━━━ Data shown ━━━

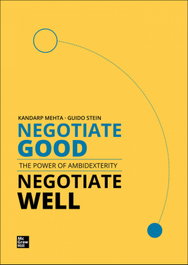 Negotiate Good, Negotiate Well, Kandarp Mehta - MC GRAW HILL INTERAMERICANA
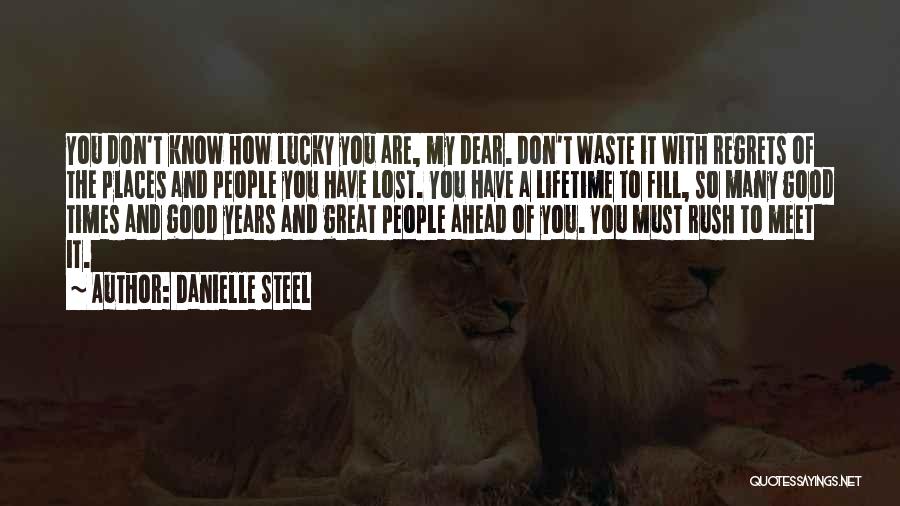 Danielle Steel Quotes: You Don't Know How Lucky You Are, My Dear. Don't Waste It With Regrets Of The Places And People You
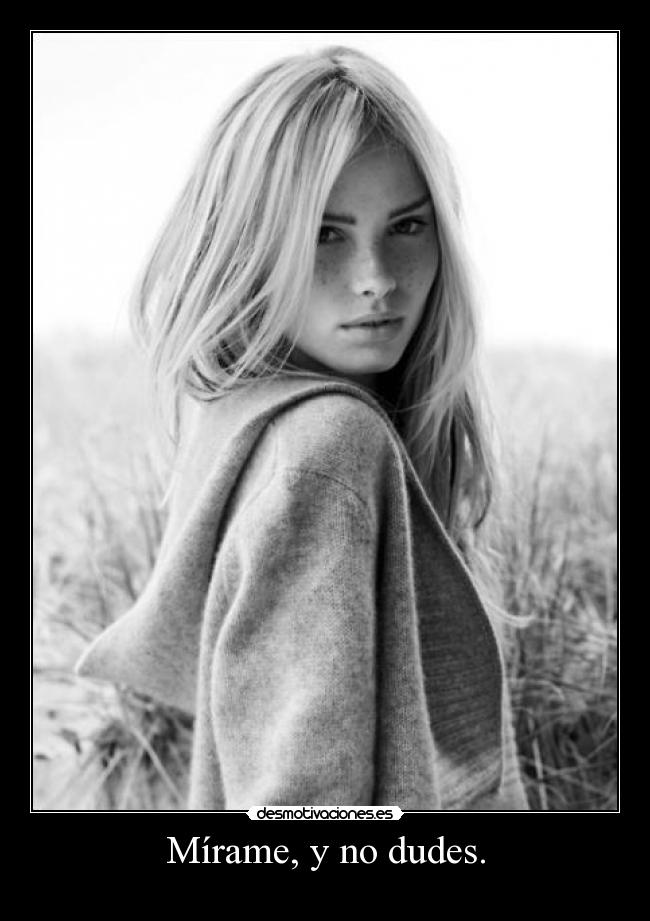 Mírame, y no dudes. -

━━━
━━━ Data shown ━━━

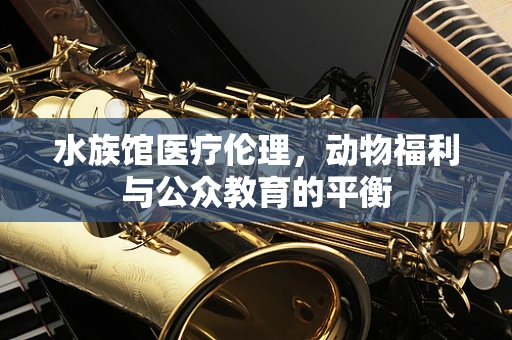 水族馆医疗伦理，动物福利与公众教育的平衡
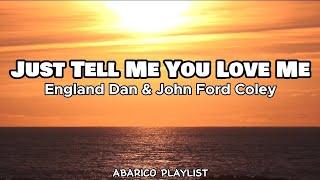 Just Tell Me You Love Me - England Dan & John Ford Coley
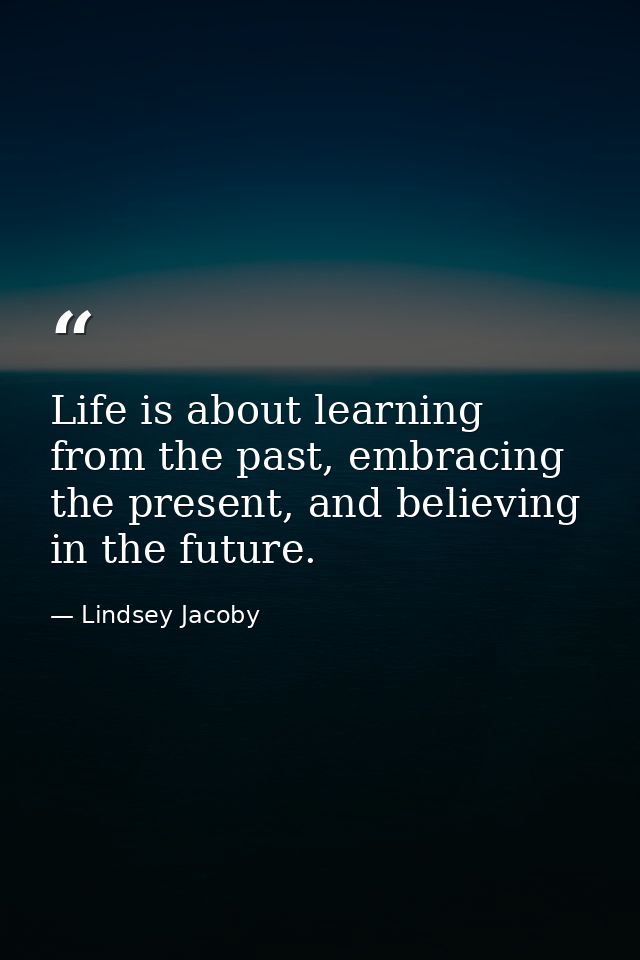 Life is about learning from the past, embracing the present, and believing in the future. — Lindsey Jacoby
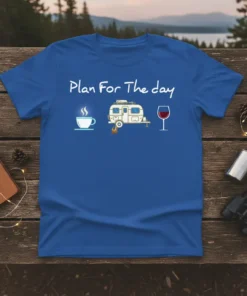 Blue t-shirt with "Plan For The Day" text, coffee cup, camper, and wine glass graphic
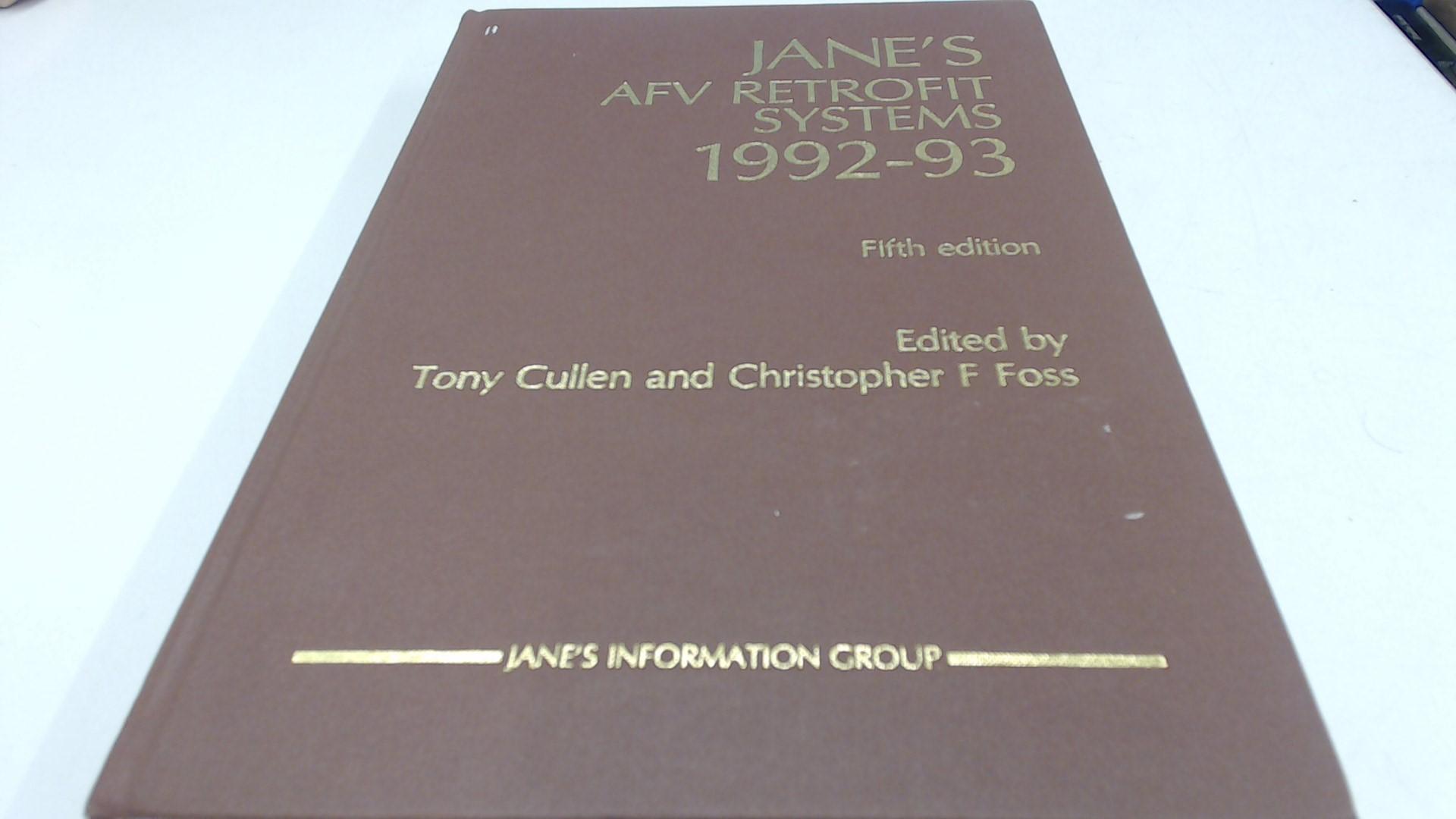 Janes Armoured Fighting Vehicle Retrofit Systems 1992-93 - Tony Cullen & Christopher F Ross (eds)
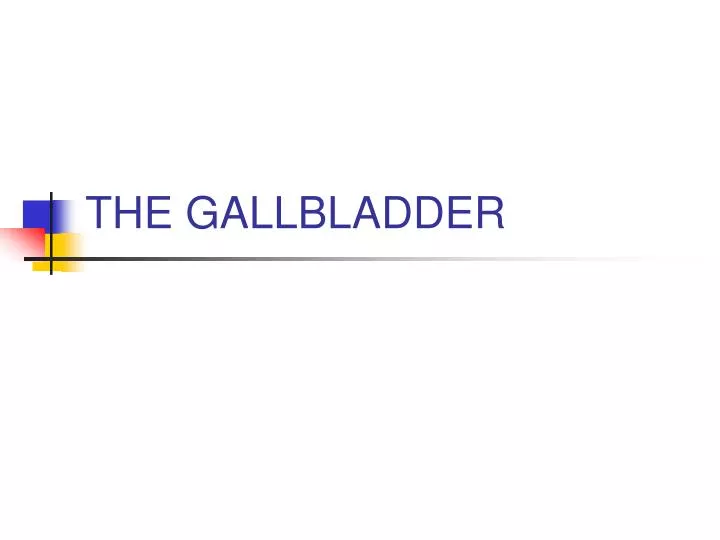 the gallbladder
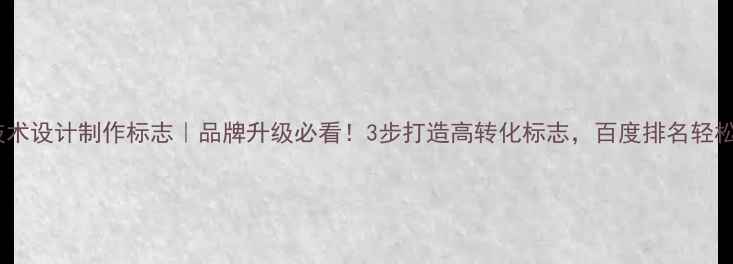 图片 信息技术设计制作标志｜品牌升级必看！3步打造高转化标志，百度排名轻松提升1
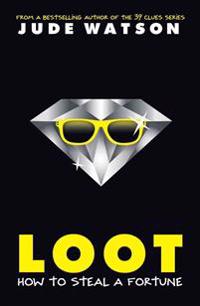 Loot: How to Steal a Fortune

━━━

(Aim of the task) In the entries above, find the line containing "Negotiate Good, Negotiate" and the line containing "Mírame, y no"; give again exactly those two lines and every line between them, minus the pictures.

(Answer box)
 Negotiate Good, Negotiate Well, Kandarp Mehta - MC GRAW HILL INTERAMERICANA
 Danielle Steel Quotes: You Don't Know How Lucky You Are, My Dear. Don't Waste It With Regrets Of The Places And People You
 Mírame, y no dudes. -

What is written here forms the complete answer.